I'm sure by now you've all heard the tragic news of the bombings that occurred at the finish line of the Boston Marathon today.
Events like this for some reason stick with me. I can't turn off the news and I can't stop thinking about it. It's not that it makes me fearful of things that could happen to me, it's more that I can't shake the sadness for those affected but these terrible acts.
Another thing, and I know I will be in the minority in this but for some reason, along with the victims, I have this strange not really compassion but some feeling I can't fully name for the people who commit these horrible crimes.

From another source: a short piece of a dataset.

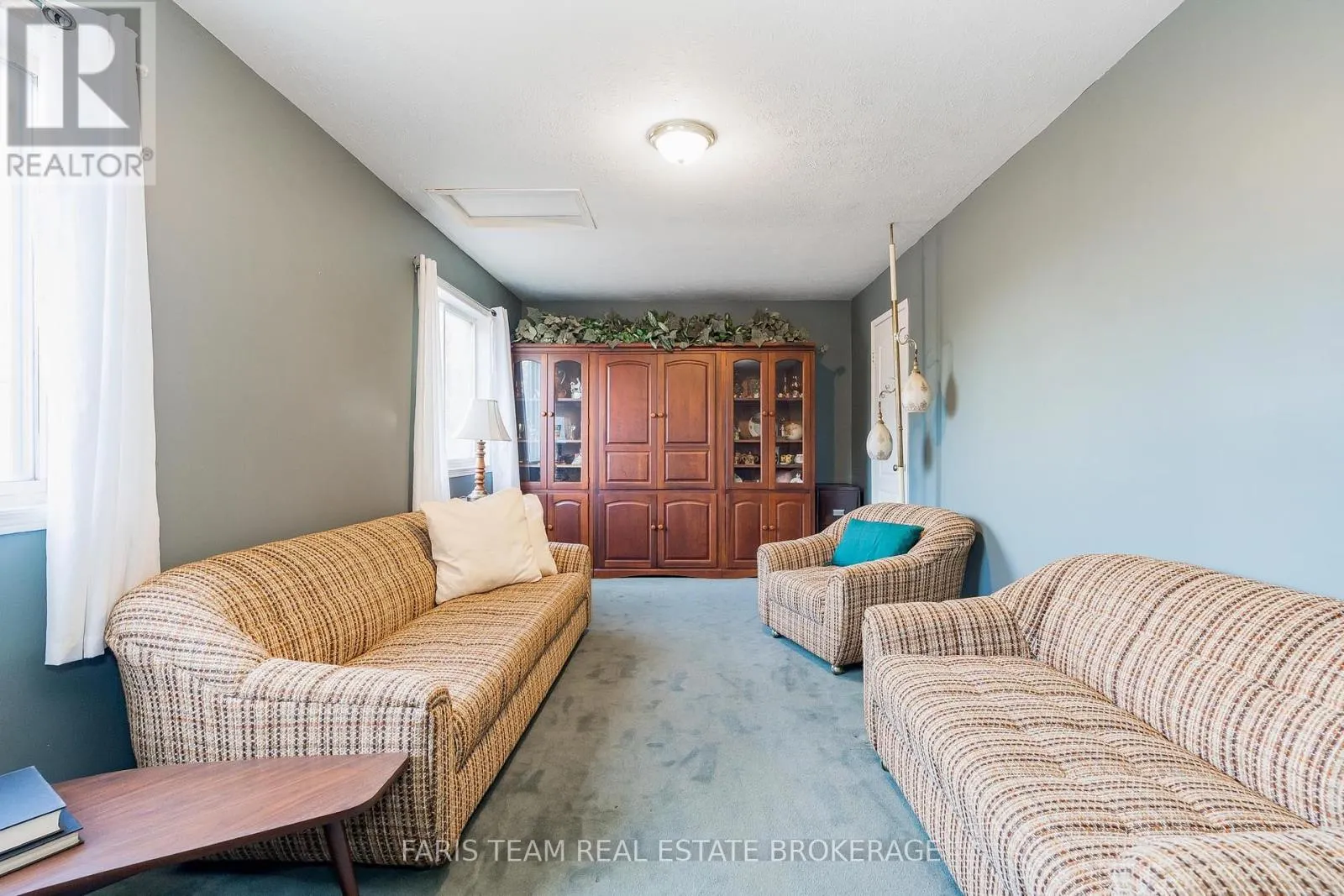 9 JULIA CRESCENT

I always seem to find myself thinking what happened in this persons life that led them to this point. At one point they were an innocent child much like my Maddox and Addison. Then something happened. They experienced something tragic themselves, they have some untreated mental illness, they let the Evil One take over...the list goes on and on. It's heartbreaking to see all of the pain and hurt caused by these people who have somewhere on their journey taken the turn that lead them down the roads that end in these horrific events.
Our world is filled with so much darkness and despair and I hate it. I hate that innocent men, women and children are killed daily worldwide because of senseless violence. I hate that our world, God's creation that he said was good, is so war torn. I hate that Satan has so much control over so many people. I hate that violence is the norm my children will grow up in. I hate that people think guns and more war and violence is the answer. I hate that that all of this stuff exists for me to hate. It all just makes my heart ache.

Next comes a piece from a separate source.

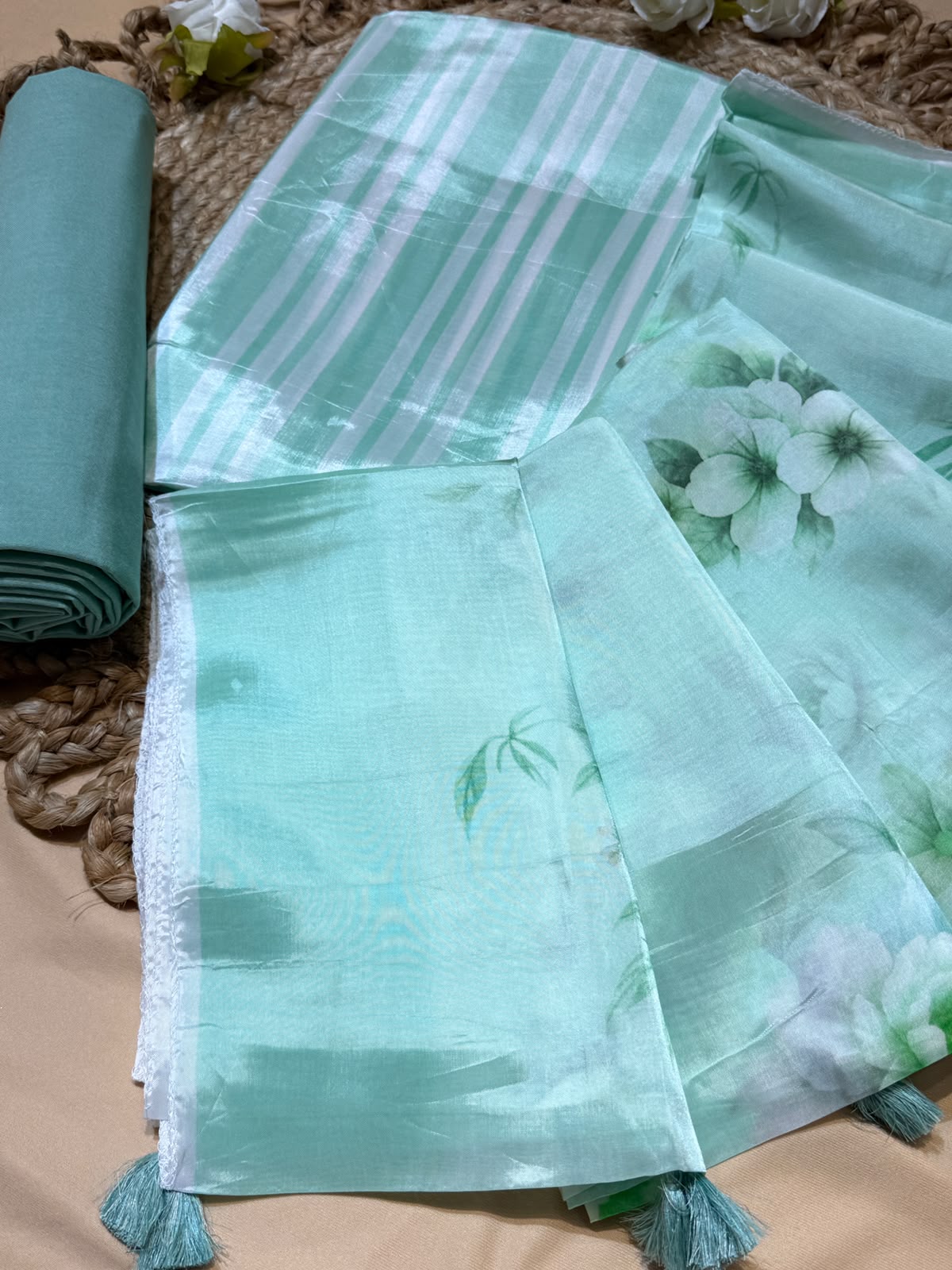 Organza satin with digital print (ed)unstitch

As Christians, we know how this will all turn out in the end. We know who wins but that doesn't make any event like this easy to deal with. It still hurts and its still unbelievable when these horrendous things occur.
Just like when any other tragedy like this happens my prayers are with all of those involved. I pray God will bring a peace that surpasses all understanding. I pray He will bring healing both physical, emotional and spiritual. And I pray, as naive and cliche as it sounds, that God will bring physical peace to this violent world we live in. I long for the day when there will be no more violence, no more gun, no more hate, no more killing, and no more evil!! Lord come quickly!!
1 comment:
Thanks for sharing your thoughts Holly! I am with you, Lord Come Quickly!